Here’s how to teach these knots to your Scouts.
The square knot can be used to join two ropes together. Generally, it works best with two ropes of the same diameter, and should not be used to hold a heavy load.
To create an adjustable loop that stays in place, use the taut-line hitch. This is the knot to use for staking out the guy lines of your tent.
The clove hitch is a versatile knot that is often used in Scouting activities, including servings as the start or finish to many lashings.
SHEET BEND AND DOUBLE SHEET BEND
Need to tie two ropes together? This is the knot for you. The sheet bend won’t slip when ropes of dissimilar material and size are entwined.

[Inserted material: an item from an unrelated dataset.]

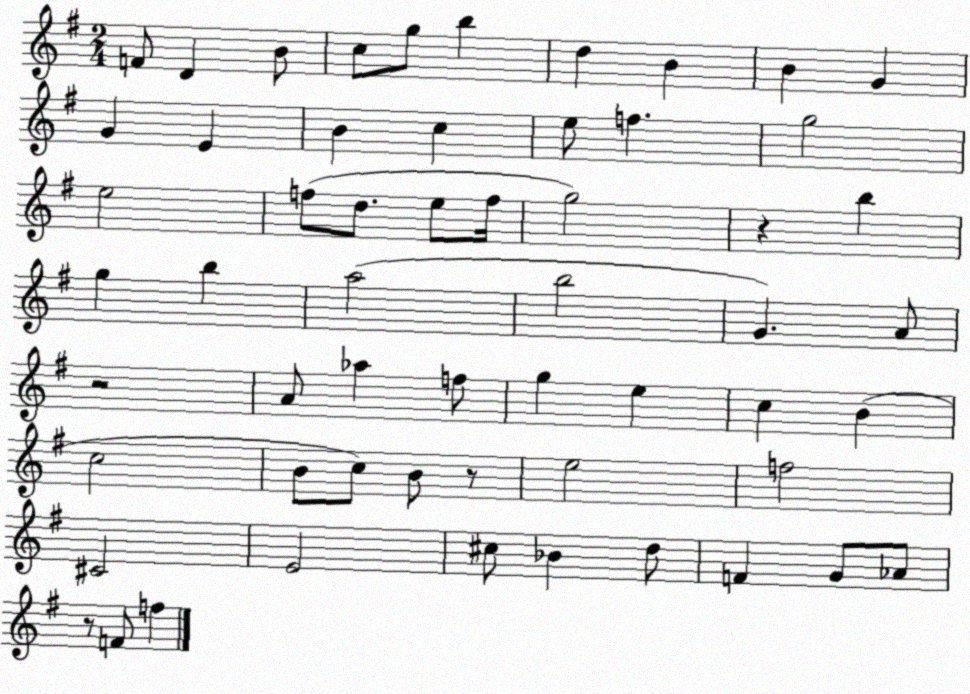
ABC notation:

When tying the knot, be sure that the working ends are on the same side; otherwise, the knot might be unreliable. If you tie a thick and thin rope together, use the thick rope to form the “stationary loop” and the thin rope as the “working line.”
For greater security, especially with plastic rope, use the “double sheet bend” by taking an extra coil around the standing loop. The double sheet bend can be used when you’ve tied two ropes together and the knot absolutely must not fail.
This knot is popular among mountaineers, climbers, sailors and others. Use the bowline when you need a non-slip loop at the end of a line. The knot won’t slip, regardless of the load applied.
Begin by forming a loop or “rabbit hole.” The “rabbit” (working end) of the rope goes up through the hole, around the tree, then back down the hole. The knot will slip as it tightens, so allow a long working end.
The trucker’s hitch is a powerful pulley with a locking knot. Use this when you need a locking pulley with a 2-to-1 mechanical advantage, such as hanging a bear bag, tying a canoe on a car or guying out a tarp. Unlike the taut-line hitch, this knot won’t slip when used with slippery line.
Form the overhand loop. Then pull the loop through. Make the loop exactly as shown; it won’t work if you do it backward. Run the working end of the rope through the loop and then pull hard to form the pulley.
Secure the pulley to a stationary object (like a pole or branch) with a quick-release half-hitch or, for extra security, two or more standard half-hitches.
Use two half hitches to tie a rope to a tree, ring or dock.
If you need more security, take a second turn around the tree, or just add more half-hitches.
A prusik hitch can slide up or down a stationary rope, but it will hold fast when weight is applied. It’s used in a number of self-rescue situations. Mountaineers use the prusik for footholds to help them climb a vertical rope. Campers use it for rigging rain flies or rescuing rock-pinned canoes in a river.
First, use a sheet bend or double fisherman’s knot (instructions below) to make a loop from a length of parachute cord or rope.
Then, wrap the loop around the main line three times. The prusik hitch will slide easily along the rope, but it will jam when a load (horizontal or vertical) is applied.
DOUBLE FISHERMAN’S KNOT
Use this knot to tie together the ends of one rope, forming a loop. The loop of rope can be used for many purposes, including the prusik hitch, shown above.
The timber hitch is often used to drag a log across the ground or to start a diagonal lashing.